They had examined me and were alarmed by what they had found and were therefore afraid to engage me. I said I could understand that. But I said that as long as you have nothing to hide, I am the best and most loyal you can have.

Says Ager-Hanssen. From that day, Ager-Hanssen was engaged by Calvin Ayre to manage Craig Wright’s legal proceedings around the world.

I got ten percent of the company nChain and a salary of three million pounds.

He claims.

DN: And you believed in these people?

I thought this was an eccentric billionaire who was crazy enough to support an outsider. And anyway, it was exciting. I got involved in this because I wanted to get into the conflict. But I also believed in nChain and the technology there.

Says Christen Ager-Hanssen. Later that autumn, Ager-Hanssen formally became CEO of nChain. A seemingly perfect combination for the Norwegian, who makes a living both by managing legal proceedings and at the same time profiling himself as an investor.

The paper magazine edition of this article (in Norwegian) on Saturday October 28, 2023.

Agreement dispute

The next few months were busy for Ager-Hanssen. He sent private investigators from one of his collaborators out into the world, to hunt for information that could help Wright in his case against the California billionaires, and undermine his opponents.

Ager-Hanssen did not get the answers he wanted. There were far too many holes in Craig Wright’s explanation, he concluded as the summer approached: Wright was hardly the Satoshi Nakamoto he pretended to be.

We tell Calvin Ayre that Craig is going to lose the Satoshi case. It is quite clear that he has manipulated documents. We could see that early on. There was a lot that didn’t match up.

He says. From the outside, nChain appeared to be a fantastic story for Christen Ager-Hanssen and the company he led. “Ager-Hanssen’s new billion-dollar store” was the headline of a story in Dagens Næringsliv (DN) on August 2, 2023 about a transaction with nChain, in which Calvin Ayre invested around 500 million Swiss francs, or around six billion kroner. That made him the main owner.

In this transaction, the entire company was valued at around twelve billion, stated Ager-Hanssen. But: The day after the DN article, he discovers a text message from the company’s finance director. He told Ager-Hanssen that he no longer recognized the agreements made between nChain and companies controlled by Calvin Ayre.

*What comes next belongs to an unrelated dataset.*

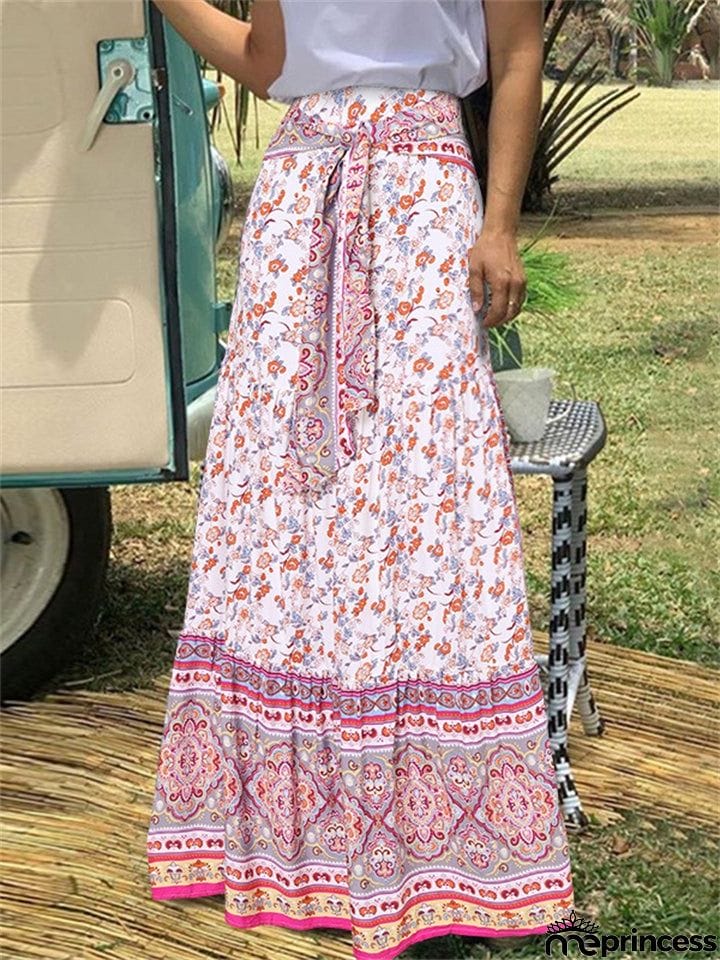 Bohemian Vintage Floral Pleated Long Skirt for Women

The transaction was real. But we discovered after a while that the agreements at the bottom were not what we thought. The agreements were tailored so that Ayre would take control of the assets in the company.

Says Ager-Hanssen. The management of nChain had not been allowed to see the new agreements the board of the holding company had entered into with Ayre, according to Ager-Hanssen.

He believes the gambling billionaire has replaced the original agreements, and constructed the new ones as a kind of hedge: If Wright lost in court as Ager-Hanssen had warned, Ayre’s plan B would be activated. Then the patent portfolio could be transferred from nChain to Ayre’s own company, according to Ager-Hanssen.

Ager-Hanssen’s trust in the self-proclaimed bitcoin inventor was wearing thin. Now his confidence in the gambling billionaire Calvin Ayre was also gone. Ager-Hanssen believed the new agreements were to the disadvantage of the minority shareholders in nChain.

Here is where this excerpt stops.